Conozca a su cliente

Por: -

La reciente movilización en Brasil, donde más de un millón de ciudadanos salieron a la calle a exigir la renuncia de su presidenta por actos de corrupción en su gobierno, demuestra el nivel de madurez cívica de ese pueblo, de la cual no podemos ser ajenos en Panamá.

Es así porque el último escándalo de corrupción que destapó la operación policial y de inteligencia brasileña conocida como Lava Jato puso al descubierto que una poderosa firma abogadil panameña, con tentáculos en el Palacio de las Garzas y el gobernante partido panameñista, es insistentemente mencionada en este y otros escándalos transnacionales de corrupción.

El propietario de la cuestionada firma, Ramón Fonseca Mora, ha solicitado al presidente Juan Carlos Varela una “licencia” del cargo de ministro consejero, que ocupa en el Gobierno, y de presidente del partido oficialista, cuando lo que debió hacer fue renunciar y ponerse a órdenes de las autoridades de investigación.
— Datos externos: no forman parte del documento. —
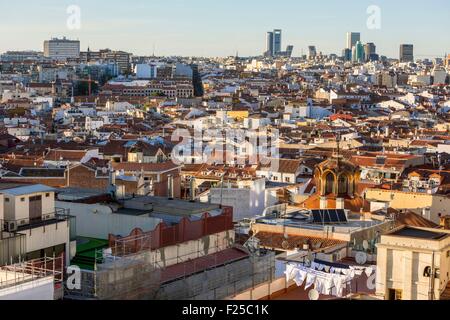 Espagne, Madrid, vue générale du centre-ville Banque D'Images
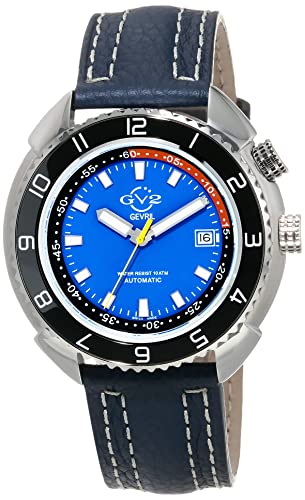 GV2 Men's Squalo Swiss Automatic Watch, Genuine Italian Leather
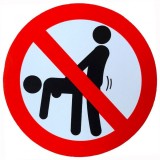 Cumpara ieftin Sticker Interzis Sex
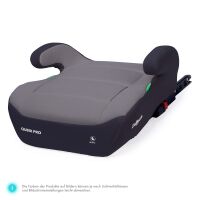 i-Size Kindersitzerhöhung QUBIX PRO mit ISOFIX, 125&nda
Lo que debió hacerse en estricto derecho fue iniciar una investigación penal por parte del Ministerio Público, ya que el Operativo Lava Jato puso al descubierto un entramado de corrupción que alcanza empresas constituidas en Panamá y que abrieron cuentas en nuestro centro bancario.

Si bien es cierto el dueño de Mossack Fonseca dijo que únicamente constituye sociedades anónimas para venderlas a sus clientes, no es menos cierto que tales clientes son investigados por corrupción, no solo en Brasil, sino en Argentina, Uruguay y España.

En Panamá impera la norma “conoce a tu cliente” y más de cuatro abogaditos han quedado presos por constituir sociedades que luego fueron usadas para fines “non santos”, pero a Fonseca Mora nadie le ha exigido que conozca a sus clientes, los que la postre han sido señalados en pillerías.

Ojalá la procuradora varelista se arme de valor e inicie una investigación sobre las vinculaciones de la poderosa firma con clientes acusados de corrupción, y así mismo como persigue a abogados sin fortuna e influencias, que por ganarse unos pesos constituyen una sociedad anónima, también lo haga con esta que tiene más de una denuncia internacional.